The Citizen (KZN)

Forgotten, homeless

- Amanda Watson

They are society’s ignored people. Their existence dismissed at robots and street corners by people who care less to even look them in the eye. These are the homeless, the poor and broken, who cannot afford a roof over their head ... the very men and women who need the most from President Cyril Ramaphosa.

And nothing has changed for them since Ramaphosa’s New Dawn Thuma Mina (send me) speech, said Valencia, who doesn’t want to give her last name. Valencia still has pride and doesn’t want everyone to know that she lives on the street.

Immaculate­ly groomed, her short hair plastered neatly to her proudly held head, her scarred face carried the weight of her 23 years on the street. She’s part of a group of five, enjoying a mid-morning beer in the stifling Cape Town summer heat.

“For how many years we’ve been voting? To vote is nothing to us homeless people because we get nothing,” Valencia said.

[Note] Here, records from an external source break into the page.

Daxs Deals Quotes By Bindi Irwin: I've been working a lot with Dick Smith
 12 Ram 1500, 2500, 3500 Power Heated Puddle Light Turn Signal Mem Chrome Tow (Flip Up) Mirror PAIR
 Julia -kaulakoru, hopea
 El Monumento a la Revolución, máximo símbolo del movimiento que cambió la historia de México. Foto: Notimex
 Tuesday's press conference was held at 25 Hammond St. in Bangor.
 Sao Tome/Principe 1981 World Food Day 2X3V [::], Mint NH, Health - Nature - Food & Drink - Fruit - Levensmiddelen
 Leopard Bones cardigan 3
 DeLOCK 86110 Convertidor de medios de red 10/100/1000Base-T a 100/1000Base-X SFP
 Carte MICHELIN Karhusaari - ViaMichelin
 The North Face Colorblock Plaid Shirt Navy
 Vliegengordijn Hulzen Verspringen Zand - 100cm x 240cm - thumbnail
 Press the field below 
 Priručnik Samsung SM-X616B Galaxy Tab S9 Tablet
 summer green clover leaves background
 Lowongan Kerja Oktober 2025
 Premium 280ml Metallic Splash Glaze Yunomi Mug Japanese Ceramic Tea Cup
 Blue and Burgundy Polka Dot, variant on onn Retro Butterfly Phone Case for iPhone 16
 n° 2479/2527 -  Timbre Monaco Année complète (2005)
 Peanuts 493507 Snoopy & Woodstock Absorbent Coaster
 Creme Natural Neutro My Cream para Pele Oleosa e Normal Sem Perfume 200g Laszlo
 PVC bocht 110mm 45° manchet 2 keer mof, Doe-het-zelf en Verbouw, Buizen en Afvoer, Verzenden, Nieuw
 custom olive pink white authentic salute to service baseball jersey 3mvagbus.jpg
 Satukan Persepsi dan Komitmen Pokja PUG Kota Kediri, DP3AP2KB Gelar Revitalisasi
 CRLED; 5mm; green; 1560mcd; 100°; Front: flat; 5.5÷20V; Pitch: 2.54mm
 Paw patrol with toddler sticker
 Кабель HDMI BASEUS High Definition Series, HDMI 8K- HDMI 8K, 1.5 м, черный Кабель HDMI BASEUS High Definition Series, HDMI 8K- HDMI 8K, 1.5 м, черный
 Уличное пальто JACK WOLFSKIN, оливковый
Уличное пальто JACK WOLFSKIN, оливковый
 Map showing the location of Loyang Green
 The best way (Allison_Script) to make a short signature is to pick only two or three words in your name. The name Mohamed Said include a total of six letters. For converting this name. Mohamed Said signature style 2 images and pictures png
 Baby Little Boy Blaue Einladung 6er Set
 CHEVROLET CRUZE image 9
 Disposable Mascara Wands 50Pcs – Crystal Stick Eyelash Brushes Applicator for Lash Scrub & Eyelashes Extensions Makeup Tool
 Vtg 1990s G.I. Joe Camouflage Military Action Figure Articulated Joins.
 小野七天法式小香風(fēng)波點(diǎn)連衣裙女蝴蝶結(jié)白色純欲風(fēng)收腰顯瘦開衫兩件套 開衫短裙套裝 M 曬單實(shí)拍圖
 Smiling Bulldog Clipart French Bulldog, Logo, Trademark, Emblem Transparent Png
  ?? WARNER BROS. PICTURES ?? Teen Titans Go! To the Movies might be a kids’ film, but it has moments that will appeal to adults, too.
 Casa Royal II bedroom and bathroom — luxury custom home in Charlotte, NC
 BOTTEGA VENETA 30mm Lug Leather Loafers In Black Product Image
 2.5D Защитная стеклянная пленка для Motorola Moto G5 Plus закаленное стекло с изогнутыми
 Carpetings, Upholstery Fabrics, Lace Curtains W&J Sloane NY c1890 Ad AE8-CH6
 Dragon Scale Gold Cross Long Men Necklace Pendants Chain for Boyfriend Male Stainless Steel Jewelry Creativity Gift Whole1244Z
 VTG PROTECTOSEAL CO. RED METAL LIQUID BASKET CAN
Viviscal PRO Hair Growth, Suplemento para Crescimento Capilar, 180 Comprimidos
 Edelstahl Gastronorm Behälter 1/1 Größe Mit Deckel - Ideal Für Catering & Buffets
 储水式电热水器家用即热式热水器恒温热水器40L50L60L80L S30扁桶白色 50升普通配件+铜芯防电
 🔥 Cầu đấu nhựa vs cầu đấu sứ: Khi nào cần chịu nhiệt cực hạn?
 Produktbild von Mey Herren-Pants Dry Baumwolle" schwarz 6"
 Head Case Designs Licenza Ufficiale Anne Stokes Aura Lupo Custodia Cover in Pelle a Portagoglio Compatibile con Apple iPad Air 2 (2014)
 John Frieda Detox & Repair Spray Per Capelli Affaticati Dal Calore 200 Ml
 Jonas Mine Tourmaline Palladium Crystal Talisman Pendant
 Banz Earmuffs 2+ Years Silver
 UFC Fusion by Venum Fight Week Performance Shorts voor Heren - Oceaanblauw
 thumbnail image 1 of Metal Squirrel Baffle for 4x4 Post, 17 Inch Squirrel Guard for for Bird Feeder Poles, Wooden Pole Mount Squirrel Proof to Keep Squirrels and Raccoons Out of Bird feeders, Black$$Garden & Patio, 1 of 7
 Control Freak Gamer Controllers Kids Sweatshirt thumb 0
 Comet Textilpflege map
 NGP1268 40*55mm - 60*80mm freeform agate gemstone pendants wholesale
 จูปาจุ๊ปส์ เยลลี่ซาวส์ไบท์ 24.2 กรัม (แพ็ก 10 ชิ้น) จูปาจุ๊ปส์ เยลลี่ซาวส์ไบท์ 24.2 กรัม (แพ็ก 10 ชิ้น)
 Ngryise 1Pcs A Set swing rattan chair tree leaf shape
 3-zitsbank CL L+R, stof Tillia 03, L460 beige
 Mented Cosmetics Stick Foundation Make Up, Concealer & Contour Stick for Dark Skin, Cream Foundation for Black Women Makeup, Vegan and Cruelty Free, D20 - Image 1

In her younger days, circa 1996, Valencia used to stand by robots and ask people for something to eat. “Other people, they give, other people they don’t give.

“To wash now, at least we get some place there in The Carpenter’s Shop to wash ourself and at times to wash our washing [sic].”

The Carpenter’s Shop is a nongovernm­ental organisati­on (NGO) providing the approximat­ely 7 383 homeless adults with “a range of critical basic services and social care interventi­ons”. Of that number “almost 1 000 live on the streets of Cape Town’s CBD and the City Bowl [City Of Cape Town, Street People Research 2014-15]”, the NGO states on its website.

A block away Andrew Wallace, Dorothy Bester, and Patrica Geyser display mostly women’s clothing, seemingly vintage in style and material.

Display is a misnomer, however. It’s spread over the pavement and sold by the three to raise money for themselves to survive.

The trio all complain of the same problem as Valencia’s group: being harassed by local police.

Last year, homeless people were left alone to sleep on benches outside parliament and on nearby sidewalks.

This year, the entire shutdown area appeared to have been swept clean of detritus – human and otherwise.